Visually, Ruya is beautiful with a simple and clean design. Everything is rendered in 2D, but the artwork seems to pop thanks to the subtle backgrounds. The setting of Ruya takes place in a world of dreams, so you get to see a variety of surreal landscapes. The color palette in Ruya ranges with a nice mix of soft pastels and bolder hues that provide nice contrast with the darker background shades. The ambient soundtrack is packed with tranquil nature sounds, such as rainfall, snow, and wind, so it’s the ultimate atmospheric experience. The sound effects as you connect the pieces together are also soothing.
Like many other puzzle games, Ruya is level-based. There are eight chapters, with eight levels each. In the beginning of each level, you get to see a memory of Ruya’s, so a story unfolds as you make progress.
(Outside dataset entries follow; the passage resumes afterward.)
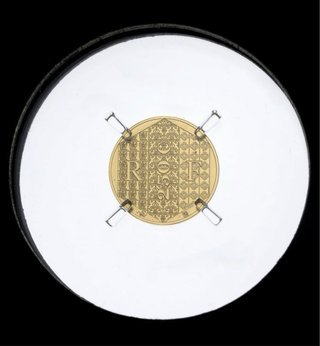 Moneda Oro 250€ Jean II Le Bon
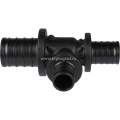 Тройник РЕХАУ Rautitan PX 32-20-25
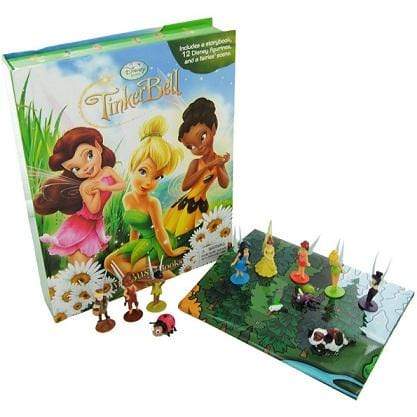 Disney Fairies: Tinkerbell My Busy Books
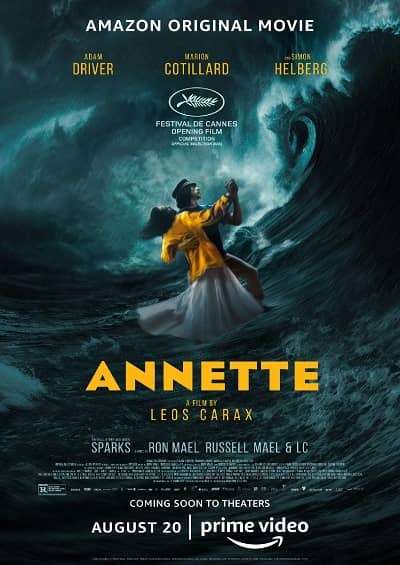 Annette 2021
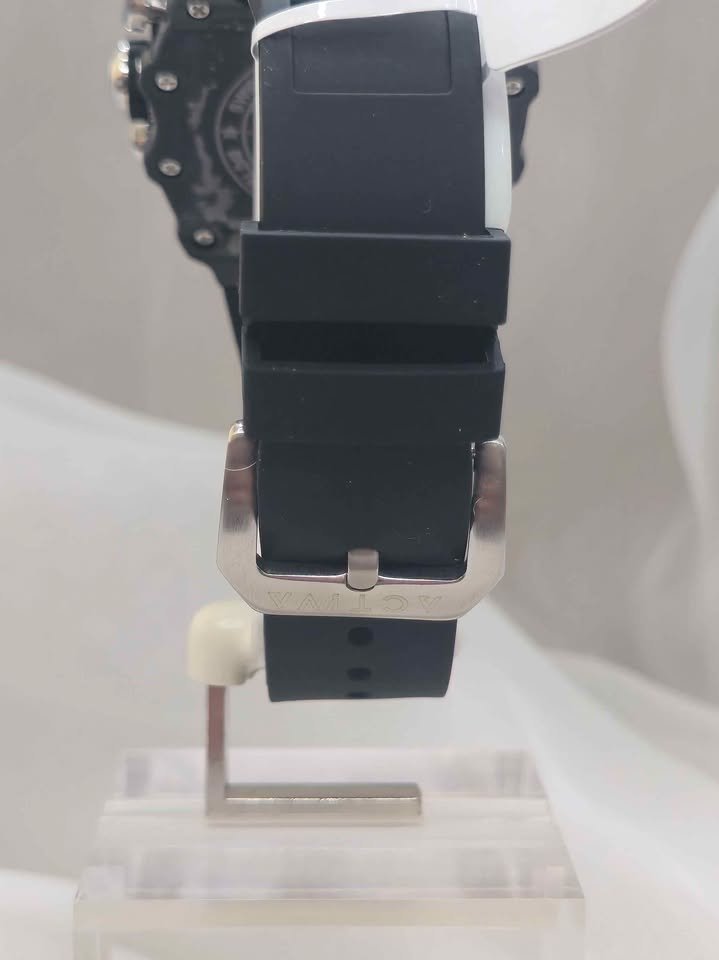 Invicta X Activa Fury Men's w/ Skeleton 44.3mm, - Imagen 4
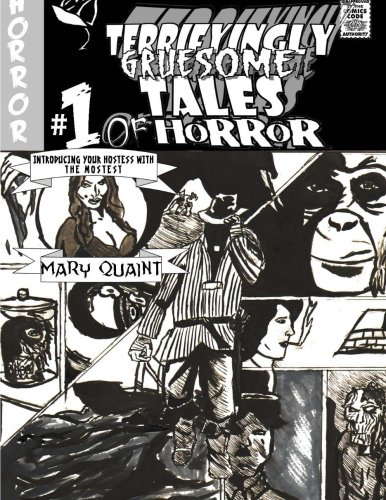 Terrifyingly Gruesome Tails of Horror poster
Each puzzle must be completed before players can move on to the next one, so it’s fairly linear. There are no hints either, but the game does not require any, as the entire experience is designed to help you relax.
The game does not have a star system, points, or even impose a time limit, so you can play at your own pace. The only restriction are the number of moves you’re allotted per stage, but even this is not a big deal. The puzzles can get challenging, but they can all be solved within a few attempts.
So how do you play? Every stage features a different layout on the grid, and there will be some colored pieces to start with. If a piece is in a bubble, that means it takes two matches to clear it out, and the bubble nets you some extra moves, which can be rather helpful. At the bottom are colored characters to match with the game pieces on the board. A number on them indicates the amount of colored pieces you need to complete the puzzle.
At the top, Ruya appears and can add more colored pieces to the board if needed — just tap on an empty space for her to add a piece (this doesn’t count as a move). There’s also a specific pattern shown that you need to match when you connect like-colored pieces together for it to count. To connect the pieces together, just use your finger to trace a line through the pieces you want to use.
If the board fills up and there are no possible moves left, you lose a move and the board gets reshuffled. More moves are added if you pop the bubbles that pieces are in, and those don’t count until they’re popped, adding to the challenge.